Title: Intercomparison of bias-correction data sources and their influence on watershed-specific downscaling climate projections

Author
item SHESHUKOV, ALEKSEY - Kansas State University
item GAO, JUNGANG - Texas A&M University
item Mankin, Kyle
item YEN, HAW - Texas A&M University

Submitted to: Transactions of the ASABE
Publication Type: Peer Reviewed Journal
Publication Acceptance Date: 10/15/2020
Publication Date: 2/10/2021
Citation: Sheshukov, A.Y., Gao, J., Douglas-Mankin, K.R., Yen, H. 2021. Intercomparison of bias-correction data sources and their influence on watershed-specific downscaling climate projections. Transactions of the ASABE. 64(1):203-220. https://doi.org/10.13031/trans.14061.
DOI: https://doi.org/10.13031/trans.14061

Interpretive Summary: Climate models project future rainfall and temperature which are used by hydrologic models to project changes to soil water, streamflow, and other important hydrologic responses. However, climate model projections are coarse and must be downscaled to the fine detail needed by hydrologic models. This downscaling process can impose uncertainties in addition to the uncertainties from the climate models themselves (called general circulation models or GCMs), from the different scenarios that represent human emissions (called representative concentration pathways or RCPs). This study evaluated these effects using three sources of historical data used to downscale the climate projections (ground-based weather station network [NCDC], gridded radar estimates [NEXRAD], and gridded model estimates [PRISM]), six different GCMs, and three different RCPs in the Smoky Hill River Watershed in U.S. Central Great Plains. Downscaling using any of the historical data sources corrected the inherent errors in comparing the raw climate model results to historical rainfall and temperature data. However, downscaling increased variability in future projections, and this occurred regardless of bias-correction data source. For minimum and maximum temperatures, mean and variability of future projections was similar regardless of historical data source. For rainfall, selection of the data source used to downscale the climate projections added less uncertainty than selection of GCM or RCP scenario, but the uncertainty that was added varied greatly among different GCMs. The results showed that future climate projections inherit bias from the selected historical data source used to downscale the model projections.

Technical Abstract: Climate projections developed by General Circulation Models (GCM) are used for projection of future hydrologic changes.

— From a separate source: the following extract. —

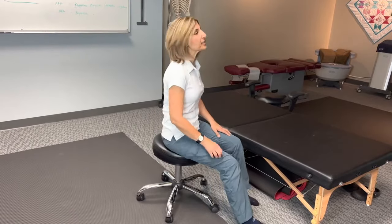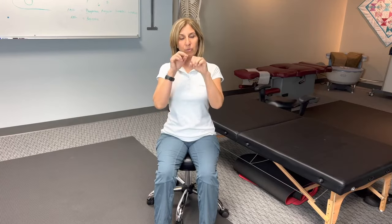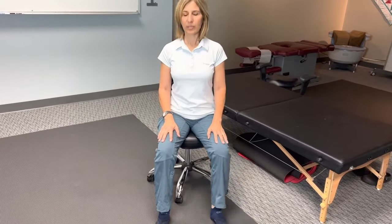So you're going to sit there, and in this situation let's say you have issues on the left side. We want to try to stretch the nerve and move it through the sheath from one end to the other. So you're going to slide your foot out and look up, then bring it back in.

In watershed modeling applications, the projections are downscaled to individual map units often represented by subbasins. Uncertainty of downscaled climate projections are a product of uncertainties arising from the model itself, from the representative concentration pathway (RCP), and from the downscaling procedure. Other sources of uncertainty may include the historical observations used for GCM bias correction and data aggregation from GCM grids to subbasin units. This study evaluated effects of three sources of historical data (ground-based weather station network, NCDC, and two gridded datasets, NEXRAD and PRISM) on shifts, variability, and uncertainty in precipitation and temperature projections from six GCMs and three RCPs in 54 subbasins of Smoky Hill River Watershed in U.S. Central Great Plains. Bias correction reduced mean bias of annual precipitation in the historical GCM period to near zero but downscaling increased variability in future projections, and this occurred regardless of bias-correction data source. For minimum and maximum temperatures, mean and variability of future projections was similar regardless of bias-correction data source when GCM ensemble was considered but the uncertainty increased with the increase in RCP forcing. Uncertainty to data source selection was smaller than two other components of uncertainty but varied adversely with the selection of individual GCM. The results demonstrate that statistical downscaling is essential to accounting for locality and spatial variability within a watershed, and future climate projections may inherit the historical bias in a selected data source presented at the subbasin scale. Ensembles of multiple GCMs when bias-corrected to local scale with the historical data source are shown to carry forward the same signal in future change.